We proceeded to establish the repeatability and reproducibility of the quantification method in which the concentration of the Irgafos P-168 recovered using the HPLC-MS method would be measured. For this, a calibration curve was generated with known amounts of concentrations between 0 and 5000 ppm. To carry out this calibration and guarantee its reliability, seven different samples were analyzed for five days by the same analyst. The tests were also carried out with five various analysts, each analyzing seven samples in different concentrations, as shown in Table 1. The maximum relative standard deviations for repeatability and reproducibility were 3% and 4.4%, respectively, and their respective maximum errors were 4.2% and 2.6%.

The acceptance value for validating the calibration of the deviation obtained with respect to the expected values was less than 15% [62]; in addition, an ANOVA was applied using the Fisher grouping method, with which it was possible to establish that the difference in the measurements was not significant. The reliability of the process was established with a confidence of 95%, and a significance value of α = 0.05 was established. Figure 2 shows the confidence intervals, comparing pairs of data columns for the same analyst (Figure 5a) and for different analysts (Figure 5b). These are the repeatability and reproducibility. The semi-continuous line perpendicular to all intervals indicates the position of zero in a break. When this semi-continuous line intersects with any of the intervals, it indicates that zero belongs to the gap, showing that there are no appreciable differences between the data pairs being examined. Therefore, it is concluded that there are no significant differences. Consequently, the method is repeatable and reproducible.

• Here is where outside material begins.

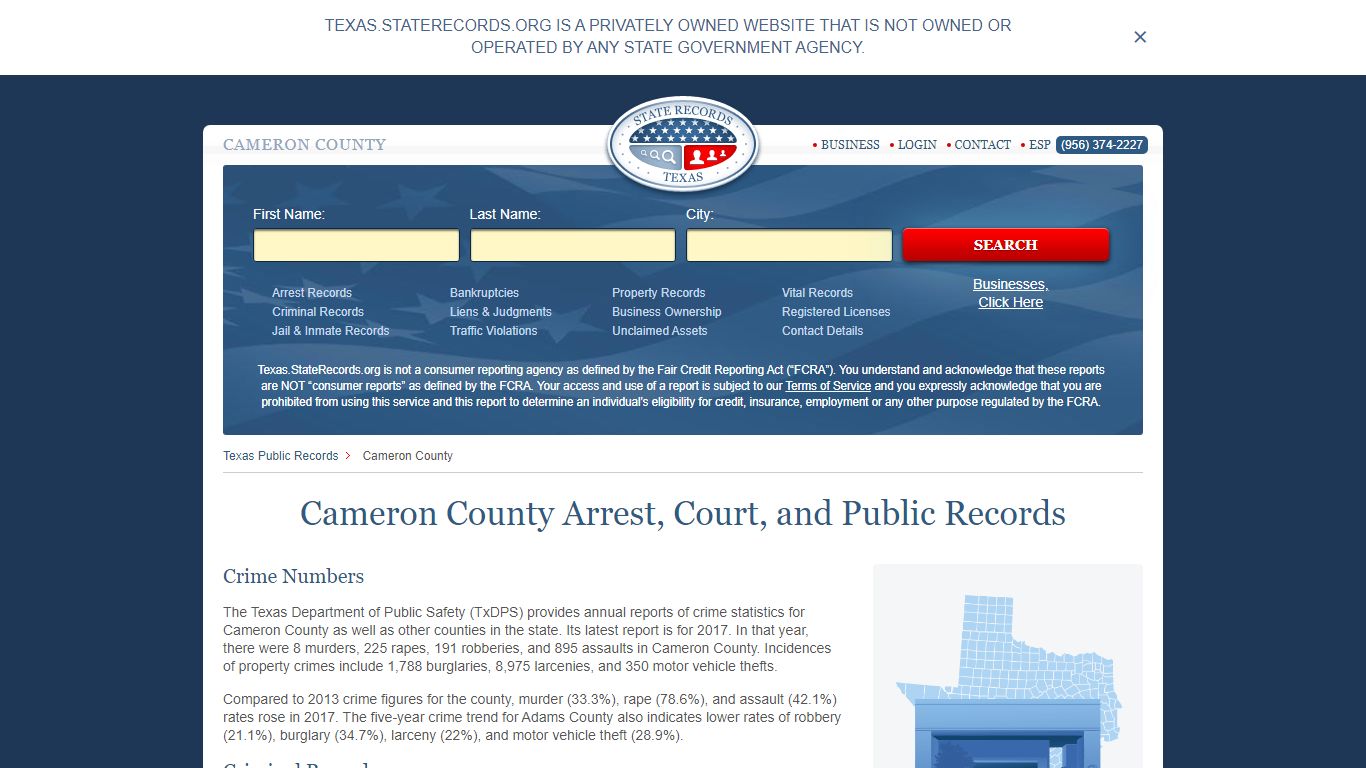 Cameron County Arrest, Court, and Public Records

3.2. SPE of Standards with Acetonitrile

The values for the variables studied in the extraction are presented in Table 2. Here (Table 2), the maximum errors for repeatability and reproducibility were 4.8 % and 5.3 %, respectively, the maximum relative standard deviations of repeatability and reproducibility were 3.2 % and 2.5%, and the complete extractions were 96% and 98%.

Figure 6 shows the confidence intervals, comparing pairs of data columns for the same analyst (Figure 6a) and for different analysts (Figure 6b), i.e., the repeatability and reproducibility of the SPE. The significance of the difference for the intraday and interday data of the SPE was also analyzed using the Fisher method, with an p = 0.05 value and 95% confidence. Under the same analysis made in Section 3.1, Figure 6a,b, which show the repeatability and reproducibility of the standards extraction, respectively, show that there are no appreciable variances in the data.

3.3. Linearity Analysis for the Calibration Curve and SPE of Standards

Using Origin, the average interday and intraday data were plotted against theoretical concentrations for the calibration curve and SPE. Each underwent a linear regression to obtain the parameters of R² and the correlation coefficient (r). Figure 7a,b show the linear regressions for the calibration curve, in which intraday and interday values of 0.99966 and 0.99997 were obtained for R² and 0.99983 and 0.99999 were obtained for the correlation coefficient. Figure 7c,d provide the same information as the previous paragraphs for the SPE unemployment. Here, intraday and interday values of 0.99999 and 0.99985 for R2 and 0.99999 and 0.99993 for the correlation coefficient were obtained.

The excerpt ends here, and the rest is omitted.